Another aspect is that Carrera wants to keep their 1/43 line aimed at children. You can see this in things like most Carrera track sets come with loops.

Because of the loops, the cars have to have additional ground clearance in front in order to clear the loop. This tends to distort the bodies, something that is quite visible on the Carrera Porsche LMP2 car.

Carrera also came out with a line of cartoon-ish car designs that did not appeal to adults and disappeared from their catalog quickly. They tend to release a lot of movie-themed sets for children. Right now they have Speed Racer and Batman (from an old cartoon show, not the current movie). They also have a Mario Kart set.

Another difference is that SCX already has 4-lane track compatibility, Carrera does not.

Mechanically, both systems are fine. While the track is identical in size, the two brands are not interchangeable.

-- Bill


----------



## PD2 (Feb 27, 2003)

roadrner said:


> Can you give us some pix of your deals? My Target didn't have squat.  rr


I can rr - just need to get the camera and snap some pics later. I'll do that and post some up for you and the rest of the guys here.

PD2:thumbsup:


----------



## roadrner (Jul 21, 1999)

PD2 said:


> I can rr - just need to get the camera and snap some pics later. I'll do that and post some up for you and the rest of the guys here.
> 
> PD2:thumbsup:


Thanks! rr


----------



## PD2 (Feb 27, 2003)

roadrner said:


> Thanks! rr


Here you go rr! They are in my Gallery - 

http://photos.hobbytalk.com/showgallery.php/cat/500/ppuser/12461

Let me know if you want more or need something specific. Or just let me know if you have any questions about what you see.

Thanks for your patience!
PD2:thumbsup:


----------



## rudykizuty (Aug 16, 2007)

My local Target just got a heap of SCX 1/43 sets in......I am sooooo tempted. 
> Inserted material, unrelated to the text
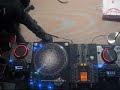 DJ Ravine Happy Hardchorus Mix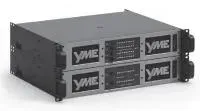 YME HSA 2500Q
I'm pretty sure though that it would be the breaking point where the TM is concerned.


----------



## 1976Cordoba (Sep 20, 2000)

rudykizuty said:


> My local Target just got a heap of SCX 1/43 sets in......I am sooooo tempted.
> 
> I'm pretty sure though that it would be the breaking point where the TM is concerned.


I think the Micro Scalectric HO stuff will work with the SCX track -- I'll check later and let you know.
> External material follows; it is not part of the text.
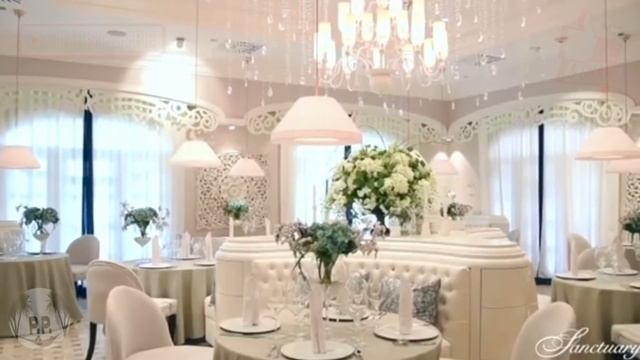 Top 10 Adults Only All-Inclusive Resorts *2022* смотреть онлайн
That may be your in for getting some 1/43 track.


----------



## rudykizuty (Aug 16, 2007)

1976Cordoba said:


> I think the Micro Scalectric HO stuff will work with the SCX track -- I'll check later and let you know.
> 
> That may be your in for getting some 1/43 track.


heh heh


----------



## micyou03 (Apr 8, 2003)

My Microscalextric car works on my 1/43rd Artin track.


----------



## PD2 (Feb 27, 2003)

Hhhhmmm? Never tried to put my Micro Scalextric on my large scale track.....will need to try that.

A buddy of mine who has raced R/C for nearly 20 years finally got talked into trying an F1 SCX set out - he's hooked now!! Setting up a permanent track and having other guys over at his place to race. Now he's after a lap counter/timer! I love it when people realize how fun it is to race slot cars!! 

PD2:thumbsup:


----------



## 1976Cordoba (Sep 20, 2000)

We've added 4 RC guys to our sports car league in the last 2 years and 2 of them have built permanent tracks. :thumbsup:


----------